In her 50s and born in the village, she worked in Selby. I asked whether we’d missed the bus; “definitely not,” she responded. She’d already been waiting there for 30 minutes. It was due in 5.
According to her the 64, which ran every two hours, was sometimes late, sometimes early, but rarely on time. To make sure she could get to work, she arrived 30 minutes before it was due every day. The alternative was to be two hours late, and lose a day’s pay.
Bus services in Selby and North Yorkshire are vital arteries connecting communities - people to their work and families to each other. So why are they in an ongoing state of peril?
Earlier this year it was revealed eight bus services across the area were under threat. Many still don’t have funding to secure their future.
The Government last week announced an overdue extension of the £2 bus fare cap which would have ended at the end of next month.
For many, it marks a temporary reprieve from worrying about paying to go to work during a cost of living crisis. It was, however, a missed opportunity.
We need a bigger, better bus network across North Yorkshire. Not just sticking plasters which expire in a few months.
That the fare cap is not mandatory for all service providers seems like an act of political myopia. That public funds are going to pay for vital privately run services speaks volumes.
In their 2022 report, the Campaign for Better Transport revealed some home truths about bus funding in North Yorkshire.

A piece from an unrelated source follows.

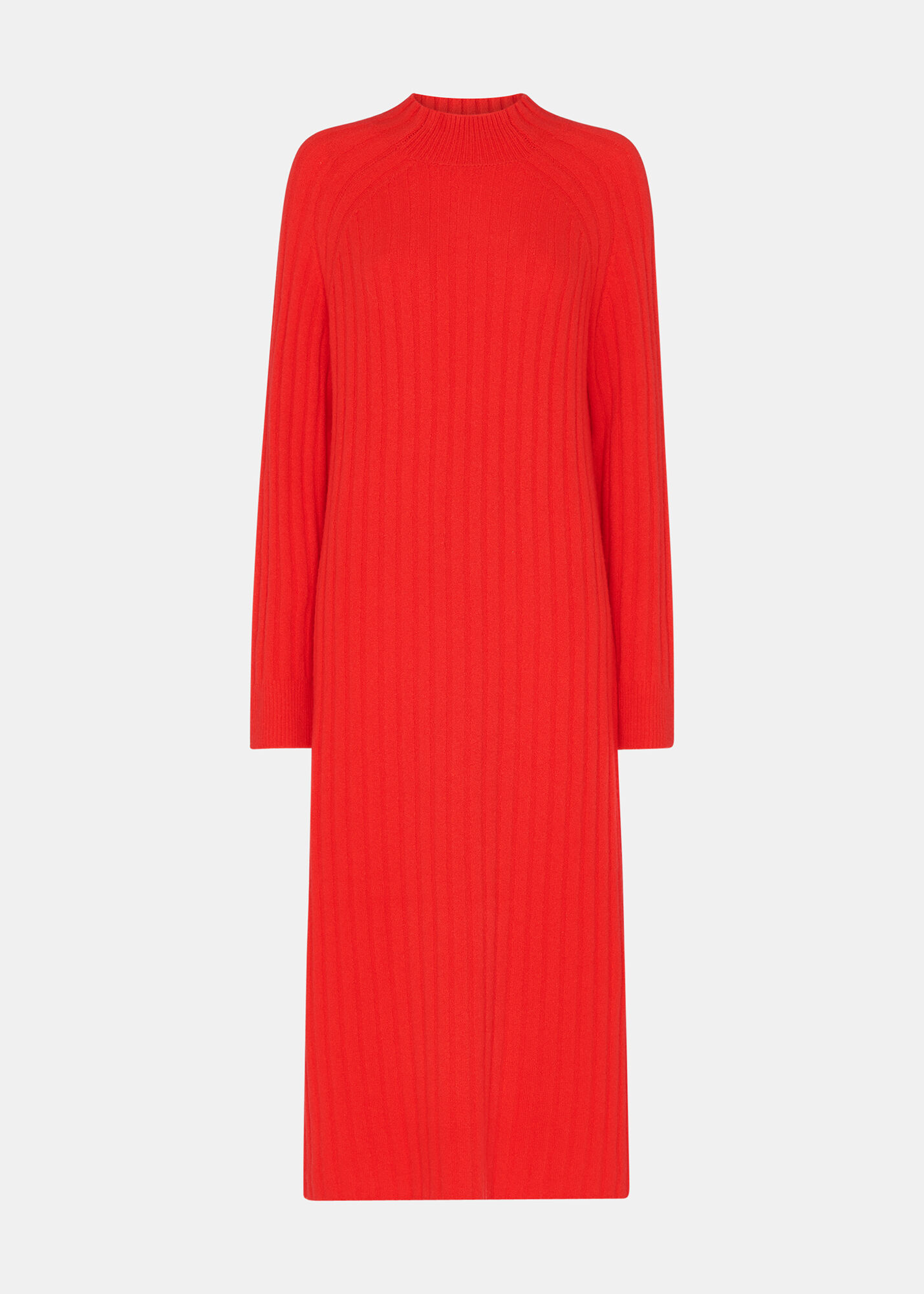 Red Ribbed Knitted Midi Dress | WHISTLES | Whistles US |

Of the initial £1.08bn “transformation funding” earmarked by the Government’s Bus Service Improvement Plan (BSIP), North Yorkshire missed out.
The Department for Transport, at the time, indicated it selected successful Local Transport Authorities based on the ambition of their improvement plans. It’s a cautionary tale that we in North Yorkshire need to do better.
At the top of the in-tray for a new North Yorkshire Mayor needs to be better buses. Cajoling a coterie of reticent bus executives, with limited public funding won’t be easy. But it doesn’t need to be hard either. We need three big pushes for our buses:
One: hop on opportunities for funding from the new Bus Centre of Excellence - it will be a stepping stone to unlocking more funding for our region.
Two: get a more realistic funding settlement for North Yorkshire’s buses. Just over £1bn was allocated for bus services but the total funding requested was close to £10bn, including that missed out on by North Yorkshire.
Three: Press for mandatory participation in the bus fare cap. The long list of bus routes which, according to the Government, are still not included in the £2 cap makes sobering reading.
For the woman I met at the bus stop, and thousands like her across our county, let’s get better buses to make sure no community is left behind.